• What you need to do: Could you restate word for word only the lines below from the one holding "NNBILI 1-2 шт." to the one holding "Preț promoțional Șurub", inclusive, and leave out the pictures?

• Task inputs:
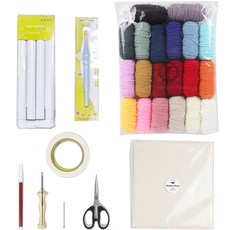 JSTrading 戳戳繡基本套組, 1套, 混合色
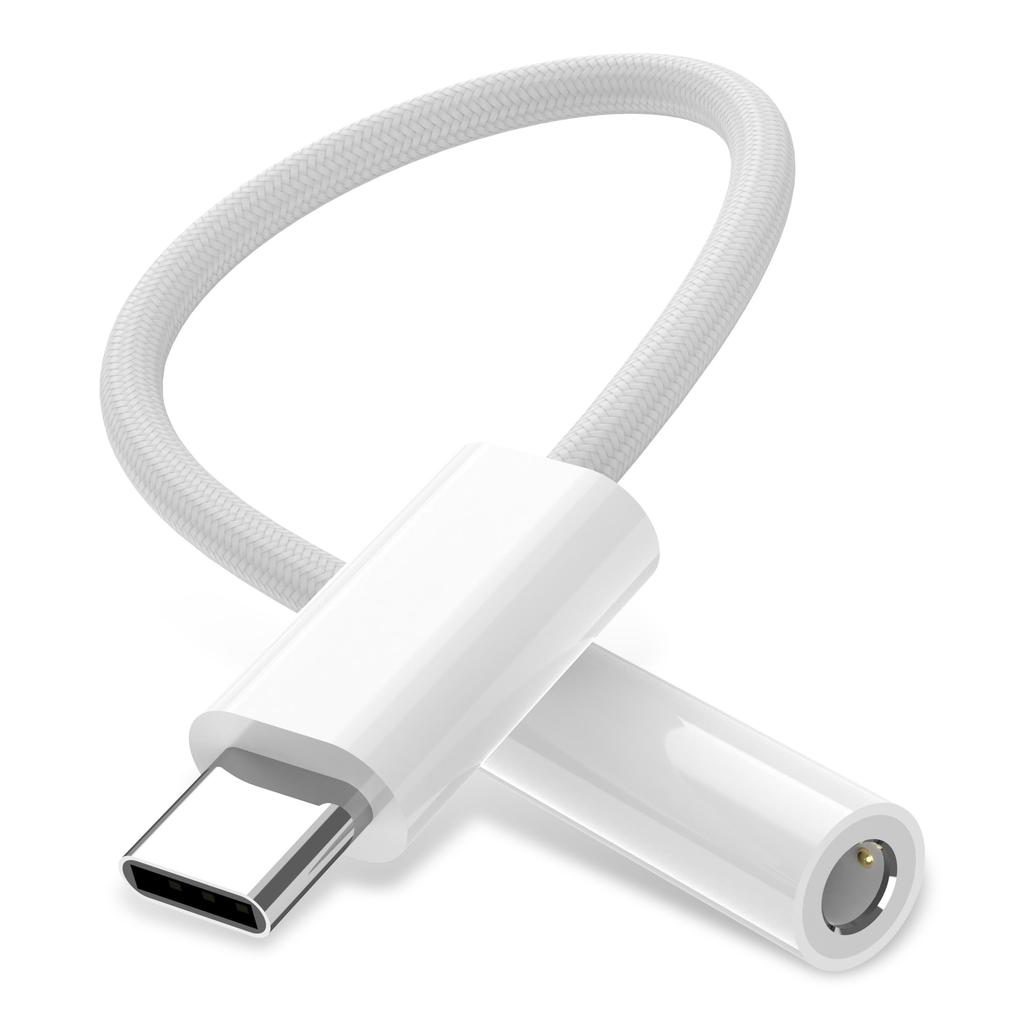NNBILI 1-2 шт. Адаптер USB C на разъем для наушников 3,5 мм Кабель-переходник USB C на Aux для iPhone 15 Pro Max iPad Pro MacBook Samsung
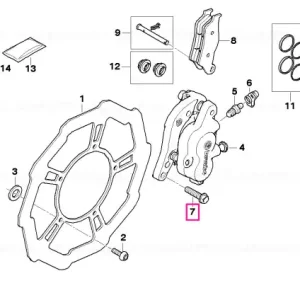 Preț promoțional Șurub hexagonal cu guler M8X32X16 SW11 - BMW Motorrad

--

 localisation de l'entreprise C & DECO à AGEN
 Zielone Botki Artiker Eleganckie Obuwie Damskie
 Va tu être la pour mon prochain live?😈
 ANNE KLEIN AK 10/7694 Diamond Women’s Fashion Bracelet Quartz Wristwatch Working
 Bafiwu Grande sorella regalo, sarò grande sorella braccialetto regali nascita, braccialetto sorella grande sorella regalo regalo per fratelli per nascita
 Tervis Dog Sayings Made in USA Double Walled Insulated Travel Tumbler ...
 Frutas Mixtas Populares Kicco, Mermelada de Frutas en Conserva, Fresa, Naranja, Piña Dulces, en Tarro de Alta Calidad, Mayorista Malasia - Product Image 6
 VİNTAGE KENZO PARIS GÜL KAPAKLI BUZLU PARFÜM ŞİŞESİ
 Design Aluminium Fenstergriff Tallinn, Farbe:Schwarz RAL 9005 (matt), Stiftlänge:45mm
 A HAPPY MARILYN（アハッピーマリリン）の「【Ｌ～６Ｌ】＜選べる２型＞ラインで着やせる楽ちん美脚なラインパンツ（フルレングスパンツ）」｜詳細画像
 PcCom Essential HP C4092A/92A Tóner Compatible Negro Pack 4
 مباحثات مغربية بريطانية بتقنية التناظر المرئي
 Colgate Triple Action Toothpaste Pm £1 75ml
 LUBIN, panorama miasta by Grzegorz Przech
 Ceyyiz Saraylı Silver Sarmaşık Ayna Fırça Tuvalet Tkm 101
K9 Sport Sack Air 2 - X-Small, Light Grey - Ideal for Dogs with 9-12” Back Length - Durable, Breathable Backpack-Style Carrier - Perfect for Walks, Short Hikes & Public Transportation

==

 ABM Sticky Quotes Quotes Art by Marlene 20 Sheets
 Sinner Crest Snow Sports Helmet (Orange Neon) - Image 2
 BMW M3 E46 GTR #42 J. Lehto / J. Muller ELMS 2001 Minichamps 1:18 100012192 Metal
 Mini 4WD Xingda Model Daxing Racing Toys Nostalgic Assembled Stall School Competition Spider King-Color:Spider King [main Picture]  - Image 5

• Response to this task:
NNBILI 1-2 шт. Адаптер USB C на разъем для наушников 3,5 мм Кабель-переходник USB C на Aux для iPhone 15 Pro Max iPad Pro MacBook Samsung
 Preț promoțional Șurub hexagonal cu guler M8X32X16 SW11 - BMW Motorrad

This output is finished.